Aidan Hartley Aidan Hartley

Let’s have an adventure

Aidan Hartley's Wild Life

issue 17 April 2010

Colombian jungle

The first day I was in Bogota I saw a big yellow bus speeding by, full of old-aged pensioners dancing Salsa. I knew I was going to like Colombia. They say there’s a jungle plant here called burundanga. If somebody spikes your drink with burundanga you lose all free will. You hand over your wallet, car keys and do what you are told, however absurd the order. I avoided the plant poison but I have been seduced by this place.

I love the forests. I like the beer. The people are incredibly charming. They tend to drink chocolate rather than coffee and they do not smoke cigarettes much. I like Roman Catholicism. I like the women’s fertility goddess figures — achieved, I hear, by the ‘starch bomb’ effect of the maize pancakes they consume for breakfast and the world’s largest silicon breast implant industry. I like the fact that wherever I go here I can eat a large steak with a tiger prawn on top. If not a prawn, a fried egg — because there are more eggs in Colombia than anywhere. Colombians eat buckets of eggs.
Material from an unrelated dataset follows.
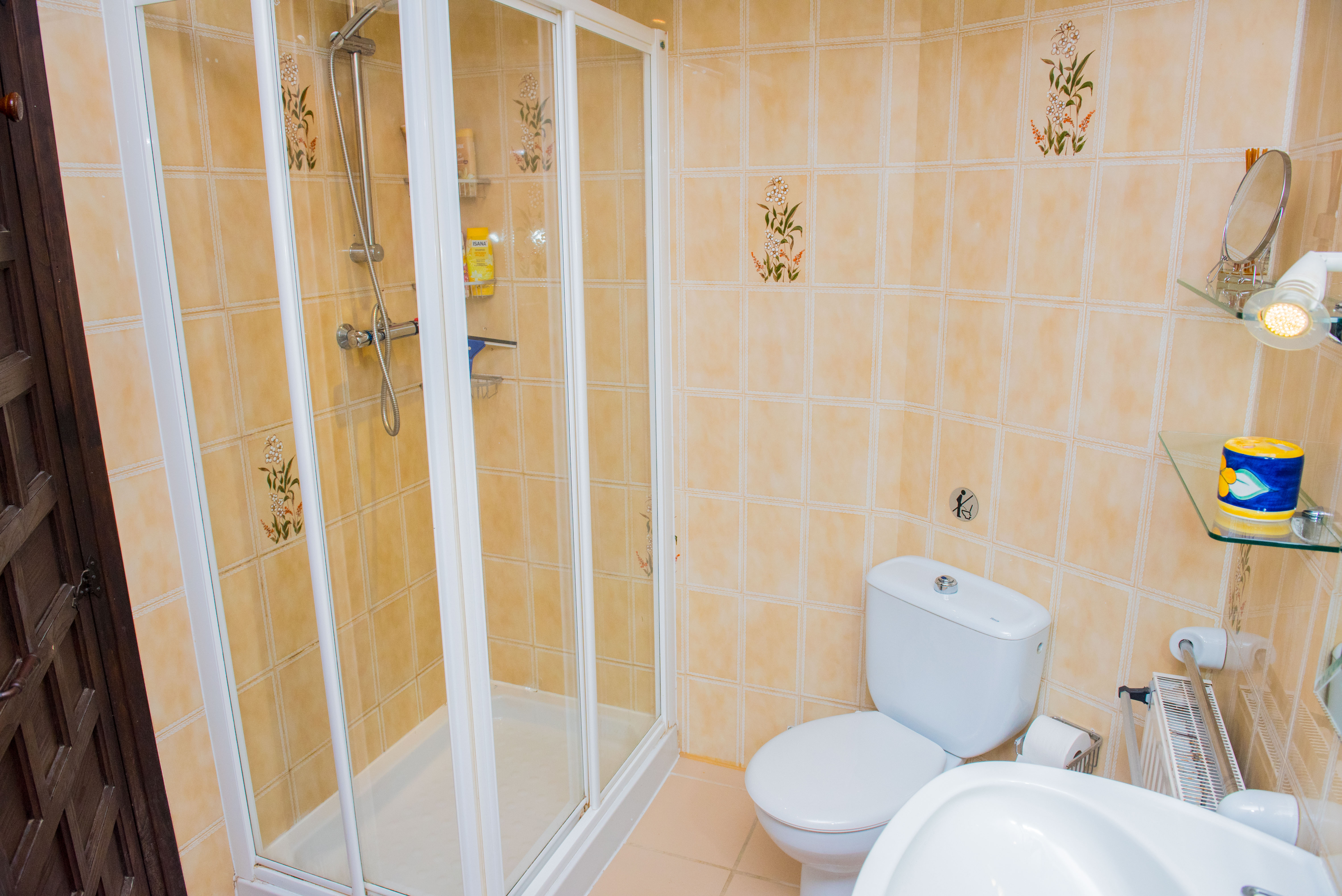 Bathroom featuring a white-framed glass shower enclosure, beige tiled walls with floral accents, and white ceramic sanitary ware.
When I arrived I looked forward to getting out into the jungle where we could go hiking while shooting a serious TV documentary. I am here with a producer called Katie and our Colombian fixer, Juan Pablo, who makes me laugh. On a visit to the indigenous Awa people, I packed my hammock, a poncho and packets of German dried food. I assumed the Awa would be exotic and tribal and that we would go hunting monkeys with blowpipes. Instead the Awa wore baseball caps and Dolce & Gabbana T-shirts. They made us sleep on the floor in a school classroom.